Defendants-appellants rely on Lubrano v Companhia De Navegacao Lloyd Brasileiro (575 F Supp 1541 [Haight, J.]). There, the plaintiff, a longshoreman, was in the course of unloading bags of coffee beans when he slipped on some loose beans and injured himself. The evidence also indicated that the ship’s mate had been given notice of the loose beans, and he, too, promised to have it cleaned up. Despite this, the court ruled for the shipowner.
More important, though, in its decision the court stated (supra, p 1544) that to recover, plaintiff must prove that a dangerous condition, for which defendant was responsible, caused his injury. “Liability of shipowner attaches in the event of such proof, notwithstanding that the stevedore-employer may also have been negligent. It is now clear that ‘if the stevedore and shipowner are both guilty of nonperformance of their duties, *13they may be concurrently negligent.’ Tragni v. Establissement Maritime Camille, 705 F. 2d 92, 93 (2d Cir. 1983). Concurrent negligence of stevedore and shipowner renders the latter liable for the longshoreman’s entire loss, subject only to reduction for his contributory negligence.”

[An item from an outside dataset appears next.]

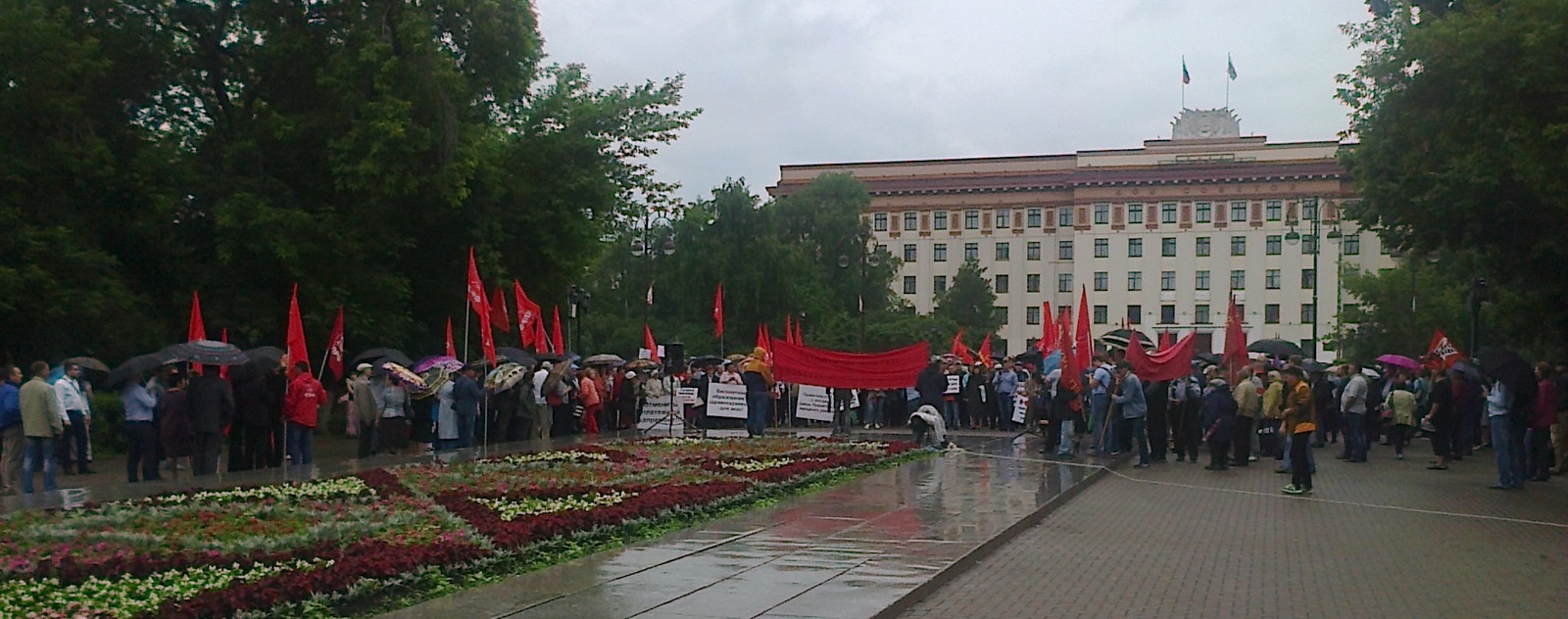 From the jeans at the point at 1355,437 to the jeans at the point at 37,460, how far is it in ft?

This creates a question for the jury whether, considering the notice to defendant’s agent and his affirmative promise to correct the dunnage problem, the shipowner was negligent. The court, in Lubrano (supra), also states that the plaintiff must show the condition was a dangerous one, which would be a question for the jury. There it was found that the spilling of coffee beans on the deck, which could be easily pushed or swept away, was a “normal, usual, and regular occurrence”. The question here is whether a piece of dunnage can be easily pushed away. An important distinguishing factor in the Lubrano case is that there, the duty to clean up the loose beans was within the stevedore’s contractual provisions. Where this is in the contract, the longshoremen’s union does not permit the ship’s crew to go into the holds and perform the sweeping function. Therefore, it was specifically the duty of the stevedore to correct the condition, so it would have been the negligent party. In the present case, there is no such contractual provision.

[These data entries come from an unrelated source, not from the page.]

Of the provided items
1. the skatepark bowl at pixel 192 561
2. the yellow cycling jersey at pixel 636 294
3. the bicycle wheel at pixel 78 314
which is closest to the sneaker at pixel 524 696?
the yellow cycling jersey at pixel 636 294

In addition, the court in Lieggi v Maritime Co. (667 F2d 324, 328, n 8), stated in a footnote that “the regulations do not provide that the stevedore’s responsibility for the condition of the work spaces is exclusive. The fact that the stevedore has a duty to keep those areas clear does not prevent the shipowner from having one as well; if both the shipowner and the stevedore neglect their duties they may be concurrently negligent.”

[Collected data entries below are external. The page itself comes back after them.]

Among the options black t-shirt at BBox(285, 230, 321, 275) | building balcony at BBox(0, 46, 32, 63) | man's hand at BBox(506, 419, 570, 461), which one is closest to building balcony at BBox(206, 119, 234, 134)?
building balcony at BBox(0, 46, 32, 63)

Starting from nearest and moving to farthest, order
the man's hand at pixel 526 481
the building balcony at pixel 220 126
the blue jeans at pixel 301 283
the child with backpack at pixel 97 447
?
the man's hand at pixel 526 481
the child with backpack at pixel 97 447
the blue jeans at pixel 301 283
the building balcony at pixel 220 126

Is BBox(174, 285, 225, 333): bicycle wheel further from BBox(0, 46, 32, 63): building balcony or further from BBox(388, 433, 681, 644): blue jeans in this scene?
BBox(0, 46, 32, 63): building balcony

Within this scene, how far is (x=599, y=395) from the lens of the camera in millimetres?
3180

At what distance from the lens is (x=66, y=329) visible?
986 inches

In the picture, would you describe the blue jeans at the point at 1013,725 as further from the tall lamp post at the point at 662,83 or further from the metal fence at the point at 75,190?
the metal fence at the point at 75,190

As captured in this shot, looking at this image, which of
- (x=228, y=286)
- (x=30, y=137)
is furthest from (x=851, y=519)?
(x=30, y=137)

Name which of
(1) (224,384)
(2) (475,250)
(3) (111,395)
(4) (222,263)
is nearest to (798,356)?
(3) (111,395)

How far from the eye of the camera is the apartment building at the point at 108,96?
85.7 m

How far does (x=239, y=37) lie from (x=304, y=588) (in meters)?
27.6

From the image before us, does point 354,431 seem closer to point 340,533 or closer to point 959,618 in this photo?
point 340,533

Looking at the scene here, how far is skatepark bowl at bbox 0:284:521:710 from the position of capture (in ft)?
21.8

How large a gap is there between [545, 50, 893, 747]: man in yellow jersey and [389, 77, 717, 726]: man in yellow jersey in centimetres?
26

In conclusion, it is obvious, as Special Term found, that there are a number of questions of fact: whether the dunnage created a dangerous situation or could it have been easily pushed aside, and whether there was negligence on the part of the shipowner and/or the stevedore company. The denial of the defendants’ motion for summary judgment seeking dismissal of the complaint should be affirmed.
Murphy, P. J., and Carro, J., concur with Sullivan, J.; Kupferman and Milonas, JJ., dissent in an opinion by KupferMAN, J.
Order, Supreme Court, New York County, entered on January 14, 1982, reversed, on the law, without costs and without disbursements, and defendants’ motion for summary judgment granted.